Federal regulators on Monday insisted they are equipped to oversee the new breed of jumbo banks.

Their predecessors were not so sure.

"I doubt regulators are ready at this point to supervise Citigroup or these latest institutions," said L. William Seidman, former Federal Deposit Insurance Corp. chairman. "It's a matter of preparing for increased complexity. They've got to develop expertise to evaluate systems and sensitivity models."

"This is a tremendous challenge," agreed Jo Ann S. Barefoot, another former supervisor who is now a partner at the consulting firm KPMG Barefoot Marrinan. "This will have regulators scrambling."

Ready or not, the megabanks keep coming.

On Monday, NationsBank Corp. and BankAmerica Corp. said they would combine to create a $570 billion-asset institution, while Banc One Corp. and First Chicago NBD Corp. said their merger would result in a $279 billion-asset company. Those two deals follow last week's stunning news that Citicorp and Travelers Group would combine to create a $698 billion- asset institution.

Four of the industry's largest deals are pending. The size of the banks being put together today eclipses anything regulators have had to handle. Once these mergers are complete, assets held by the five largest banks will total $2.1 trillion. Five years ago, the top five had $753 billion of assets.

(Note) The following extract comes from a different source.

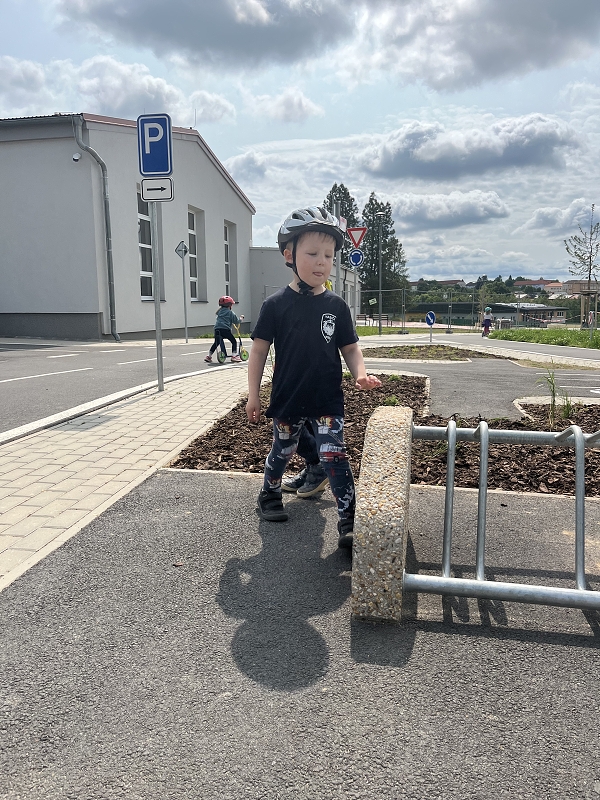 Zeleňásci a Žluťásci na dopravním hřišti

Regulators, however, insisted Monday that they are prepared for the era of megabanks. "We see this as a big challenge," said J. Alfred Broaddus Jr., president of the Federal Reserve Bank of Richmond, which supervises NationsBank. "But I am confident we can meet that challenge. We need to execute our approach very carefully."

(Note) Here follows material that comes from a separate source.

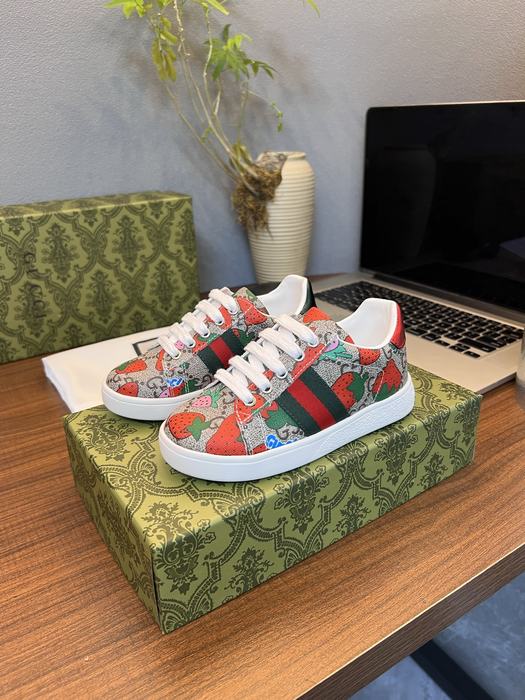 Gucci Kids’ Patterned Sneakers in Red Green Canvas with Flor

The agencies' relatively new "supervision by risk" program will play a key role, said Emory Wayne Rushton, senior deputy comptroller for bank supervision policy at the Office of the Comptroller of the Currency. Under the program, examiners zero in on parts of a bank most likely to cause a loss.

"This was one of the main reasons for going to risk-based exams," he said. "We had to get away from specific check-list approach to banking supervision."

Examiners will review how the giant banks collect, distribute, and analyze data about their operations, he said. If examiners detect trouble in one of these areas, they will delve further, he said.

The Comptroller's Office also restructured last year, transferring oversight of the 32 largest banks from regional offices to Washington. Mr. Rushton said this will let the agency keep tabs on the big banks, regardless of how many states they operate in.

Eugene A. Ludwig, who ended his five-year term as comptroller this month, said there are benefits to size, such as risk diversification. "Although this is large, it is just a plain-vanilla bank merger," he said of the NationsBank/BankAmerica deal.

But former regulators questioned whether these banks would be too big to effectively supervise.

Paul G. Fritts, a St. Louis-based consultant and former executive director of supervision at the FDIC, said it will be impossible for regulators to find problems until they are relatively large.

"Even at $200 billion (of assets) it's difficult," he said. At "$500 billion, it's impossible."

Mr. Seidman said regulators will be forced to defer more to the scores of analysts who feed the market's assessment of these companies.

The readiness of regulators elicited concern on Capitol Hill Monday. Rep. Marge Roukema, chairwoman of House Banking's financial institutions subcommittee, said she may hold hearings on the risks to taxpayers posed by megabanks mergers.

"The scope is far beyond anything we have had to address up until now," the New Jersey Republican said.